The analogue operation with mathematical statements is rewriting using
equivalences. This is also done using the `rw` tactic.
Lean uses ↔ to denote equivalence instead of ⇔.
In the following exercises we will use the lemma:
sub_nonneg {x y : ℝ} : 0 ≤ y - x ↔ x ≤ y
The curly braces around x and y instead of parentheses mean Lean will always try to figure out what
x and y are from context, unless we really insist on telling it (we'll see how to insist much later).
Let's not worry about that for now.
In order to announce an intermediate statement we use:
have my_name : my statement,
This triggers the apparition of a new goal: proving the statement. After this is done,
the statement becomes available under the name `my_name`.

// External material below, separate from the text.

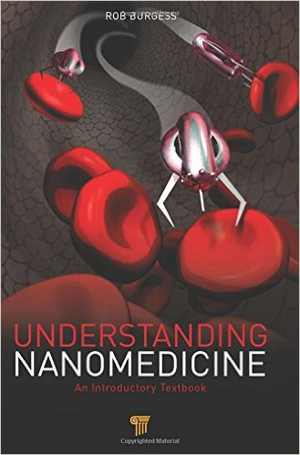 دانلود کتاب Understanding Nanomedicine An Introductory Textbook, 2012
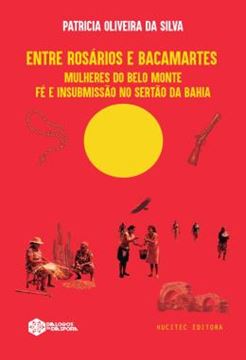 Imagem de ENTRE ROSARIOS E BACAMARTES - MULHERES DO BELO MONTE - FE E INSUBMISSAO NO SERTAO DA BAHIA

We can focus on the current goal by typing tactics between curly braces.
-/
example {a b c : ℝ} (hab : a ≤ b) : c + a ≤ c + b :=
begin
rw ← sub_nonneg,
have key : (c + b) - (c + a) = b - a, -- Here we introduce an intermediate statement named key
{ ring, }, -- and prove it between curly braces
rw key, -- we can now use the key statement
rw sub_nonneg,
exact hab,
end
/-
Of course the previous lemma is already in the core library, named `add_le_add_left`, so we can use it below.
Let's prove a variation (without invoking commutativity of addition since this would spoil our fun).
-/
-- 0009
example {a b : ℝ} (hab : a ≤ b) (c : ℝ) : a + c ≤ b + c :=
begin
sorry
end
/-
Let's see how we could use this lemma. It is already in the core library, under the name `add_le_add_right`:
add_le_add_right {a b : ℝ} (hab : a ≤ b) (c : ℝ) : a + c ≤ b + c
This can be read as: "add_le_add_right is a function that will take as input real numbers a and b, an
assumption `hab` claiming a ≤ b and a real number c, and will output a proof of a + c ≤ b + c".

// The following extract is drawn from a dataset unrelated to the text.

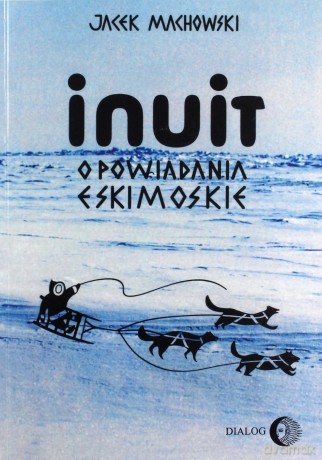 Inuit Opowiadania eskimoskie - Jacek Machowski [KSIĄŻKA]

In addition, recall that curly braces around a b mean Lean will figure out those arguments unless we
insist to help. This is because they can be deduced from the next argument `hab`.
So it will be sufficient to feed `hab` and c to this function.
-/
example {a b : ℝ} (ha : 0 ≤ a) : b ≤ a + b :=
begin
calc b = 0 + b : by ring
... ≤ a + b : by exact add_le_add_right ha b,
end
/-
In the second line of the above proof, we need to prove 0 + b ≤ a + b.

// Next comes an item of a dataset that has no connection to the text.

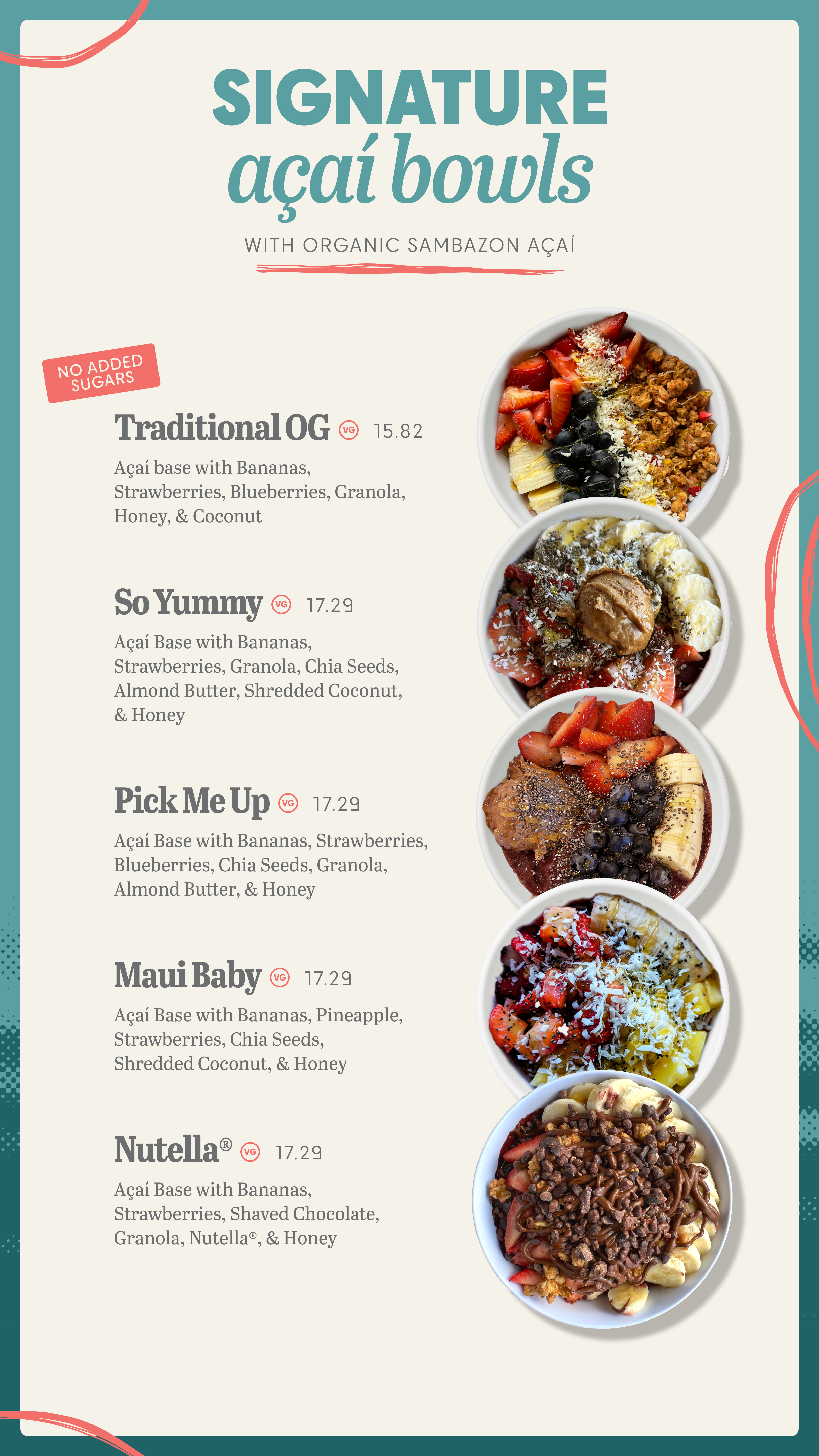 Many choices of Acai available with fresh fruit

The proof after the colon says: this is exactly lemma `add_le_add_right` applied to ha and b.
Actually the `calc` block expects proof terms, and the `by` keyword is used to tell Lean we will use tactics
to build such a proof term. But since the only tactic used in this block is `exact`, we can skip
tactics entirely, and write:
-/
example (a b : ℝ) (ha : 0 ≤ a) : b ≤ a + b :=
begin
calc b = 0 + b : by ring
... ≤ a + b : add_le_add_right ha b,
end
/- Let's do a variant. -/
-- 0010
example (a b : ℝ) (hb : 0 ≤ b) : a ≤ a + b :=
begin
sorry
end
/-
The two preceding examples are in the core library :
le_add_of_nonneg_left {a b : ℝ} (ha : 0 ≤ a) : b ≤ a + b
le_add_of_nonneg_right {a b : ℝ} (hb : 0 ≤ b) : a ≤ a + b
Again, there won't be any need to memorize those names, we will
soon see how to get rid of such goals automatically.
But we can already try to understand how their names are built:
"le_add" describe the conclusion "less or equal than some addition"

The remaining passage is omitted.